Because the DOH granted the UIPA request in its entirety, Earthjustice was not a person aggrieved by denial of access to a government record. State of Hawai`i Org. of Police Officers v. Soc'y of Prof'l Journalists-Univ. of Hawai`i Chapter, 83 Hawai`i 378, 392, 927 P.2d 386, 400 (1996).

IV. CONCLUSION

The Final Judgment filed on July 31, 2008 in the Circuit Court of the First Circuit is reversed only as to the judgment pertaining to attorneys' fees and costs awarded in favor of Earthjustice and against the State of Hawai`i. The remainder of the Final Judgment is affirmed.

NOTES

[1] The Honorable Gary W.B. Chang presided.

[2] HRS § 92F-15 provides:

§92F-15 Judicial enforcement. (a) A person aggrieved by a denial of access to a government record may bring an action against the agency at any time within two years after the agency denial to compel disclosure.

(b) In an action to compel disclosure the circuit court shall hear the matter de novo. Opinions and rulings of the office of information practices shall be admissible. The circuit court may examine the government record at issue, in camera, to assist in determining whether it, or any part of it, may be withheld.

(c) The agency has the burden of proof to establish justification for nondisclosure.

(d) If the complainant prevails in an action brought under this section, the court shall assess against the agency reasonable attorney's fees and all other expenses reasonably incurred in the litigation.

(e) The circuit court in the judicial circuit in which the request for the record is made, where the requested record is maintained, or where the agency's headquarters are located shall have jurisdiction over an action brought under this section.

(f) Except as to cases the circuit court considers of greater importance, proceedings before the court, as authorized by this section, and appeals therefrom, take precedence on the docket over all cases and shall be assigned for hearing and trial or for argument at the earliest practicable date and expedited in every way.

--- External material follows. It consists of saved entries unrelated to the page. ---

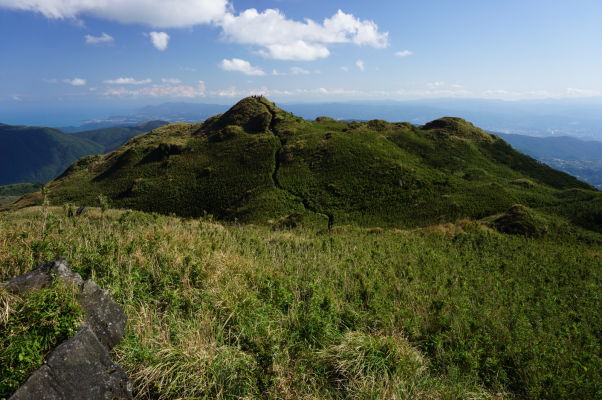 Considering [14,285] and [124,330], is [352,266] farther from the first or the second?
[14,285]

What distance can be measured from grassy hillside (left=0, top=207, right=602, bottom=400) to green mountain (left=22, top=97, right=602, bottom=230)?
Result: 26914mm

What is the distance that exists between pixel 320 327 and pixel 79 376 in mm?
4448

[3] HRS § 92F-13 provides:

§92F-13 Government records; exceptions to general rule. This part shall not require disclosure of:

(1) Government records which, if disclosed, would constitute a clearly unwarranted invasion of personal privacy;

(2) Government records pertaining to the prosecution or defense of any judicial or quasi-judicial action to which the State or any county is or may be a party, to the extent that such records would not be discoverable;

(3) Government records that, by their nature, must be confidential in order for the government to avoid the frustration of a legitimate government function;

(4) Government records which, pursuant to state or federal law including an order of any state or federal court, are protected from disclosure; and

(5) Inchoate and draft working papers of legislative committees including budget worksheets and unfiled committee reports; work product; records or transcripts of an investigating committee of the legislature which are closed by rules adopted pursuant to section 21-4 and the personal files of members of the legislature.

[4] HRS § 92F-3 (1993) defines "person" as "an individual, corporation, government, or governmental subdivision or agency, business trust, estate, trust, partnership, association, or any other legal entity."

[5] When construing a statute, "the fundamental starting point is the language of the statute itself" and "where the statutory language is plain and unambiguous, [the appellate courts'] sole duty is to give effect to its plain and obvious meaning." State v. Kalama, 94 Hawai`i 60, 64, 8 P.3d 1224, 1228 (2000) (internal quotation marks and citations omitted). However, even when a statute is unambiguous, the legislative history may be consulted to confirm the appellate court's interpretation. See Hawaii Elec. Light Co. v. Dep't. of Land & Natural Res., State of Hawai`i, 102 Hawai`i 257, 270, 75 P.3d 160, 173 (2003) ("Although we ground our holding in the statute's plain language, we nonetheless note that its legislative history confirms our view." (Citing State v. Entrekin, 98 Hawai`i 221, 227, 47 P.3d 336, 342 (2002).)).